Assignment — Nothing but the lines below from the one with "Система инсталляции для" through the one with "Viscose - Polkadot - Lavender" should be output, each exactly as given, and no pictures.

Information shown —
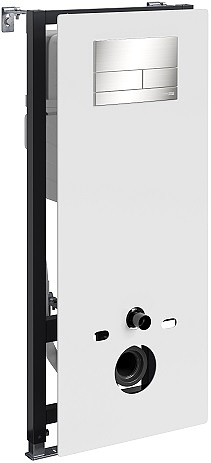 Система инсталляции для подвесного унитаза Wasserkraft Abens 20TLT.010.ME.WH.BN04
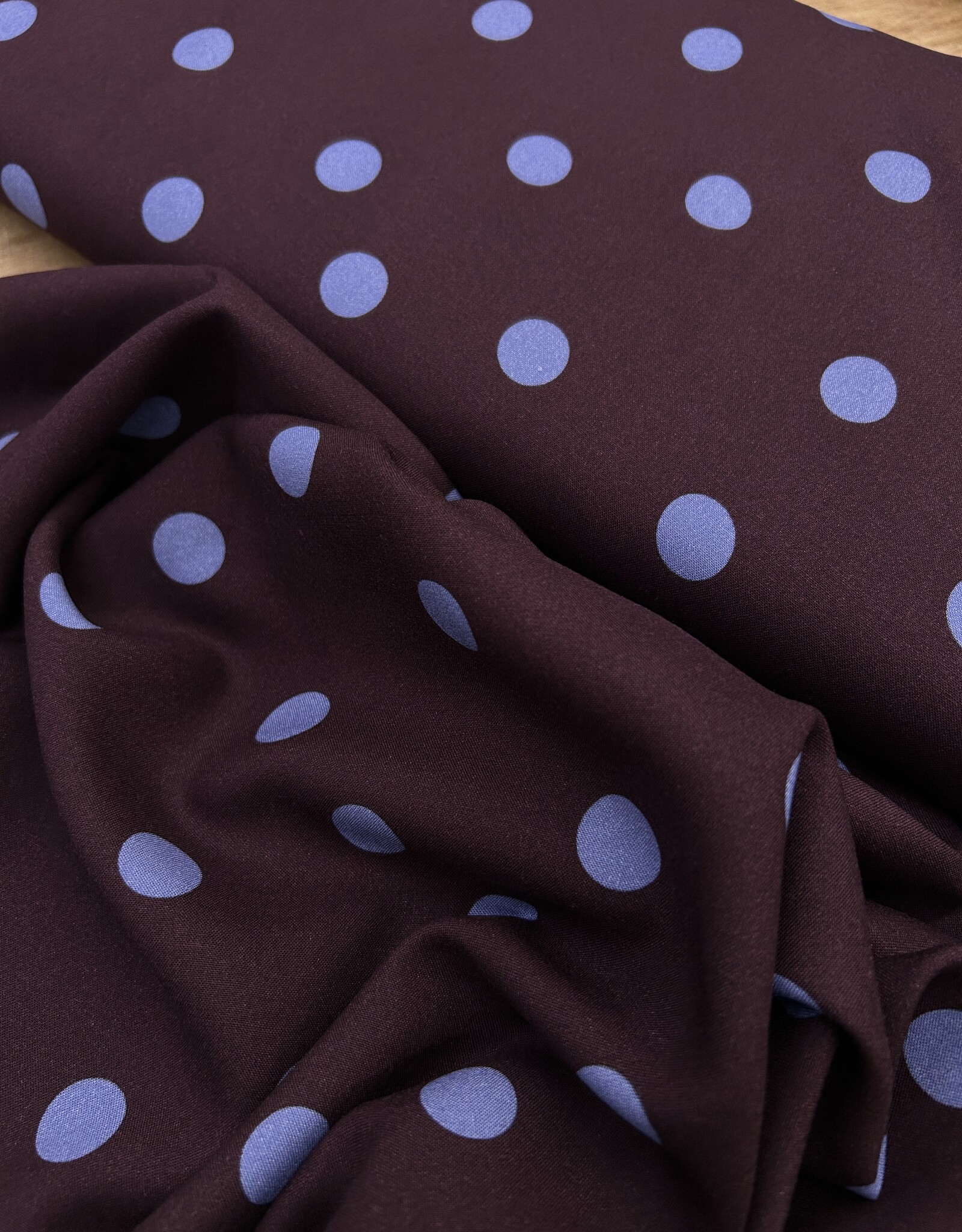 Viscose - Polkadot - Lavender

...

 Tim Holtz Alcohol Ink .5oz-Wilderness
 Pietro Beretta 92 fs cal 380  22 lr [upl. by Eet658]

Solution to this task —
 Система инсталляции для подвесного унитаза Wasserkraft Abens 20TLT.010.ME.WH.BN04
 Viscose - Polkadot - Lavender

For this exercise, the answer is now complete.